The canonical namespace

Use transform.shape and transform.deduplicate for new contracts. The top-level shape shortcut remains convenient, but the transform namespace makes room for future transformation families.

transform:
  shape:
    parse_json:
      - column: raw_response
        alias: payload
        schema: "STRUCT<events:ARRAY<STRUCT<id:STRING,title:STRING>>>"
    arrays:
      - path: payload.events
        mode: explode_outer
        alias: event
    columns:
      event.id:
        alias: event_id
        cast: STRING
      event.title:
        alias: event_title
        cast: STRING
  deduplicate:
    keys: [event_id]
    order_by: ingestion_ts_utc DESC NULLS LAST

Design principles

Explicit schema

Parsing JSON requires Spark DDL. Avoid relying on runtime inference for important contracts.

Cardinality is intentional

Explode operations change row counts. Bronze blocks unsafe cardinality changes unless explicitly allowed.

Columns are projections

When columns is declared, only declared aliases remain as business columns.

Connectors stay neutral

Business structuring belongs in transformations, not in connector-specific workarounds.

Shape field reference

The shape contract runs after the source connector and before quality rules and write modes.
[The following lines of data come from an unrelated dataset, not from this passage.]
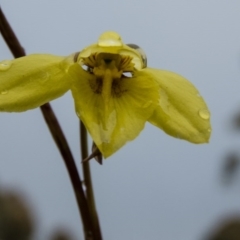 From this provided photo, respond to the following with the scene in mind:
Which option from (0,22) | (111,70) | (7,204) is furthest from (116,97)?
(7,204)

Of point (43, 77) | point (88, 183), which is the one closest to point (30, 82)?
point (43, 77)

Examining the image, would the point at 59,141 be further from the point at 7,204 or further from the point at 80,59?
the point at 7,204

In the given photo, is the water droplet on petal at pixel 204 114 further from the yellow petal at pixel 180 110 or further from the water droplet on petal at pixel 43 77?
the water droplet on petal at pixel 43 77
It is intended for physical normalization of nested or semi-structured records, not for business aggregation.

FieldTypeRequiredBehavior
parse_jsonlistNoParses declared string columns with an explicit Spark DDL schema using from_json.
parse_json[].columnstringYesSource string column or nested string path to parse.
parse_json[].schemastringYesSpark DDL schema. Use STRUCT<...>, ARRAY<...> or any valid Spark data type accepted by from_json.
parse_json[].aliasstringNoOutput column. Required when parsing a nested path. Must be a simple top-level column name.
parse_json[].drop_sourcebooleanNoDrops the original source column after parsing. Only supported for top-level source columns.
flatten.enabledbooleanNoFlattens struct fields into top-level columns.
flatten.separatorstringNoSeparator used in generated column names. Default behavior follows the implementation default.
flatten.max_depthintegerNoMaximum struct nesting depth to flatten.
flatten.includelistNoTop-level struct columns to flatten. Other columns are kept as-is.
flatten.excludelistNoPaths to exclude from flattening.
zip_arrayslistNoCombines parallel arrays into one array of structs before exploding.
zip_arrays[].aliasstringYesOutput array column containing structs.
zip_arrays[].columnsmapYesMap of source array path to output struct field name. Requires at least two arrays.
arrayslistNoTransforms arrays by keeping, serializing, sizing, taking first element or exploding.
arrays[].pathstringYesArray path. Use dot notation; do not use [] syntax.
arrays[].modeenumNokeep, to_json, size, first, explode or explode_outer.
arrays[].aliasstringNoOutput column. Required implicitly for cardinality-changing modes when no default alias is desired.
arrays[].allow_cartesianbooleanNoAllows multiple sibling explodes that may multiply rows. Default protects against accidental Cartesian expansion.
columnsmapNoFinal projection. When declared, only projected columns are kept.
columns.<path>.aliasstringNoOutput column. Defaults to the path with dots replaced by underscores when no expression is used.
columns.<path>.caststringNoSpark SQL type used to cast the projected expression.
columns.<path>.expressionstringNoSpark SQL expression. Requires an explicit alias.
allow_cardinality_change_on_bronzebooleanNoAllows explode/explode_outer in bronze contracts when the contract intentionally changes row cardinality.

Parallel arrays

Use zip_arrays before exploding when an API returns multiple arrays that represent aligned observations.

transform:
  shape:
    zip_arrays:
      - alias: hourly_observation
        arrays:
          time: payload.hourly.time
          temperature: payload.hourly.temperature_2m
          humidity: payload.hourly.relative_humidity_2m
    arrays:
      - path: hourly_observation
        mode: explode_outer
        alias: observation

Example patterns

NASA EONET

Raw REST JSON to rows

The REST connector captures raw JSON, parse_json applies an explicit DDL schema, and array explosion turns events into silver records.

Open-Meteo

Parallel arrays

Hourly weather responses return aligned arrays. zip_arrays preserves positional meaning before exploding.

USGS earthquakes

Nested structs and coordinates

Struct fields and array indexes can be projected declaratively, keeping notebooks free of Spark column plumbing.

Blob/S3 files

Schema first

Explicit file schemas plus transform.deduplicate make object storage examples deterministic and reviewable.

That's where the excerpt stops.